All lines at and after the one containing "Luffa acutangula", up to the end of the listing below, are to be printed exactly, with the pictures omitted.
[GIVEN RECORDS]
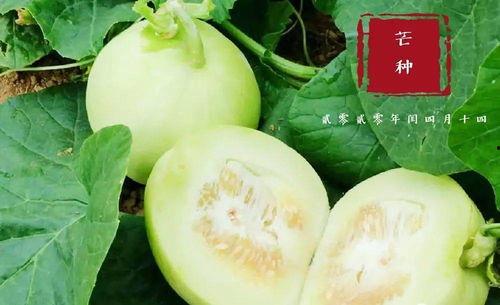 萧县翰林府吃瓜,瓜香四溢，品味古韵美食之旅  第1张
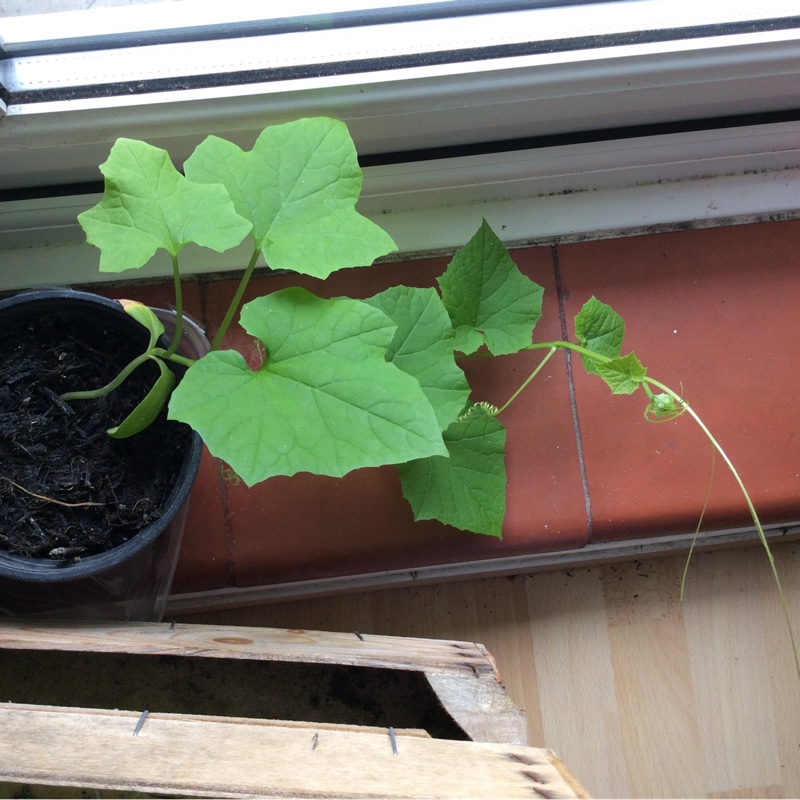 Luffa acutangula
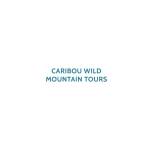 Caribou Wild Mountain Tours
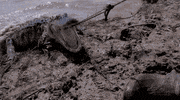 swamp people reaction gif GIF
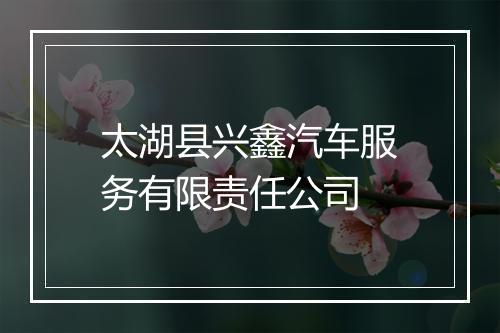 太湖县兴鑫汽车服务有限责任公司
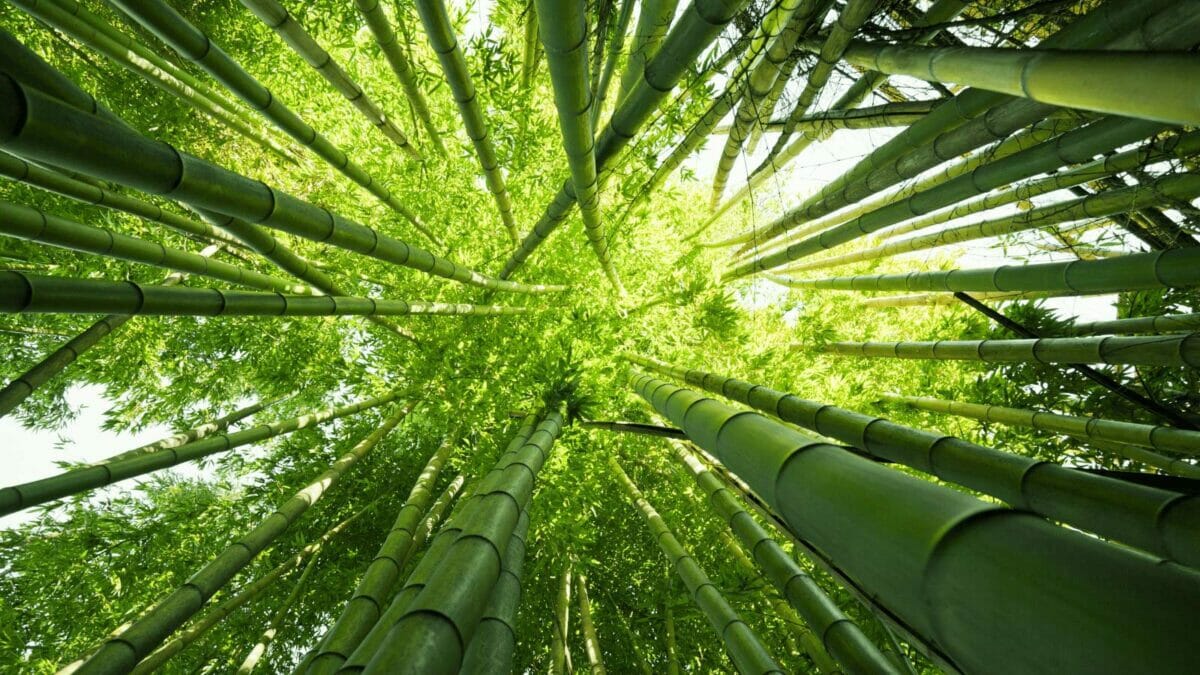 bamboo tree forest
[/GIVEN RECORDS]
# [RESPONSE AREA]
 Luffa acutangula
 Caribou Wild Mountain Tours
 swamp people reaction gif GIF
 太湖县兴鑫汽车服务有限责任公司
 bamboo tree forest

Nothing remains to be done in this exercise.